Юлий пожал плечами и отступил в комнату, но в первом же разговоре, долетевшем до его слуха, Мишина Маша возникла снова. Смешавшись с группой Ленькиных родственников, ни одного из которых он не знал в лицо, Юлий разобрал детали: обсуждалась первоначальная могила, до краев заполненная водою, куда должны были опустить гроб. С ужасом вспоминая могильщиков, не пожелавших разделить чувств родных и знакомых, все удивлялись решимости Мишиной дочери, которая ринулась в контору и в одиночку управилась с местным начальством. Новая странность, которую Юлий отметил про себя, заключалась в том, что никто из собравшихся не задался простейшим вопросом: как она это сделала? Прислушиваясь уже заинтересованно, Юлий сообразил, что странности нет ни малейшей: всех занимал не способ решения задачи, а сам факт проявленной решимости. Девушка лет двадцати вошла в комнату. Разговор сник, и Юлий понял - эта девица и есть героиня.
Взгляд остановился на ее лице, и что-то невнятное пришло в голову: как та-та-та среди вороньей стаи...Так и не вспомнив строчки, Юлий перевел глаза, и мысль, привыкшая к одиночеству, потребовала уединенности: протиснувшись боком, он направился в ванную комнату, где погрузился в размышления. Кладбищенская сказка, которую он сегодня услышал, легко вписывалась в его логику. Живо он представлял себе жалкую группу, стоявшую над водяной могилой, и тех, кто, нелепо волнуясь, пытался урезонить могильщиков. С точки зрения спасительной теории, их лица, достойные презрения, представлялись Юлию совершенно подходящими. Именно с такими лицами, знать не знающими непокорства, можно было стать правильными и своими в этом первобытнообщинном государстве. Недоумение, которое Юлий силился разрешить, сводилось к следующему: зачем она, совсем не похожая на них, взялась их защищать?
Свет, заливавший ванную комнату, погас и вспыхнул. Дверь открылась. Девушка вошла и сделала шаг назад.

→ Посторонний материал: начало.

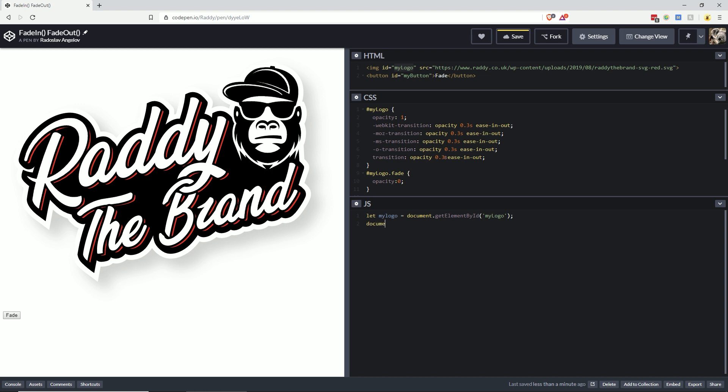And the ID this time we want to get is the my button ID. We need to do an onclick event, and then we need to do a function.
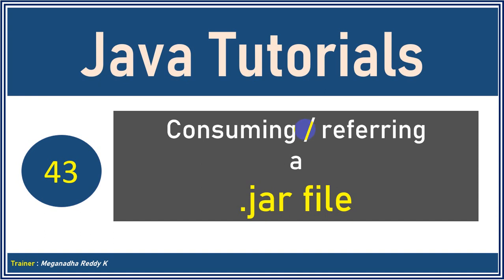Hello everyone, welcome back. This is Meghna. In this module, we'll see how to consume a jar file that we created in the previous module. In the previous module, we created a jar file and we're going to consume that in a new project in this module. So let's see how to consume that.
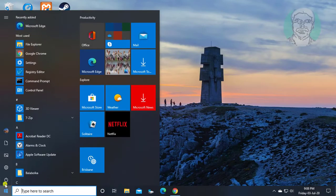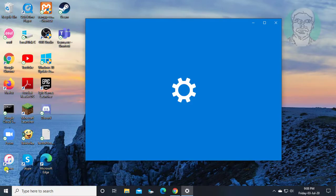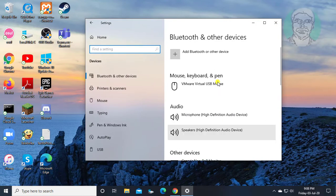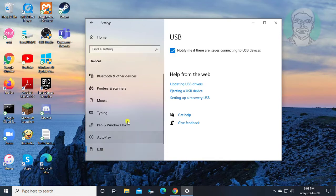Click Start, Settings, click Devices, click USB, and uncheck 'Notify me if there are issues connecting to USB devices'.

Два чувства боролись в Юлии: глаза желали смотреть, но взгляд отступал испуганно. Он принудил себя улыбнуться, и гримаска помогла справиться. Юлий приподнялся, приглашая вступить в его владения - временные и ограниченные. Кажется, любопытство пересилило, по крайней мере, тон, которым Юлий заговорил, был почти ровным. Волнение сказывалось лишь в тщательности, с которой он следил за голосом, а поэтому фразы вылетали помимо воли - сами собой, машинально. Его рассмешило предположение, что ей он может быть братом, и волнение окончательно улеглось.
Обыкновенно Юлий не робел перед женщинами, умея находить с ними тот живой язык, который сам по себе определяет половину победы. Вторая половина, однако, давалась сложнее. Женщины, откликавшиеся с живостью, любили поговорить. Для короткой любовной истории эта черта не могла быть помехой, но с замиранием сердца, с которым почти свыкся, Юлий дожидался времени, когда избранница, поборов первую сдержанность, поведет себя естественно. С этого рубежа начинались дни, приближающие разрыв, потому что естественность неизбежно разрешалась словцом или фразой, через которые Юлий не мог перешагнуть. В этом отношении девушки были изобретательны. Каждая умела выбрать момент, чтобы, подкараулив его душу, расслабленную порывом нежности, повернуть разговор в ту невыносимую сторону, где открывалась житейская пошлость. Кокетливо наморщив лобик, они произносили нечто, раз и навсегда прибивавшее его любовный пыл. Потом Юлий вежливо отвечал на звонки, дожидаясь, пока временная избранница, рассердившись наконец ни на шутку, найдет себе менее притязательного любовника. Зная за собой эту черту, Юлий и сам не мог объяснить, почему, ровный и терпимый в дружеском общении, он становился непреклонным и злопамятным, когда дело касалось любви.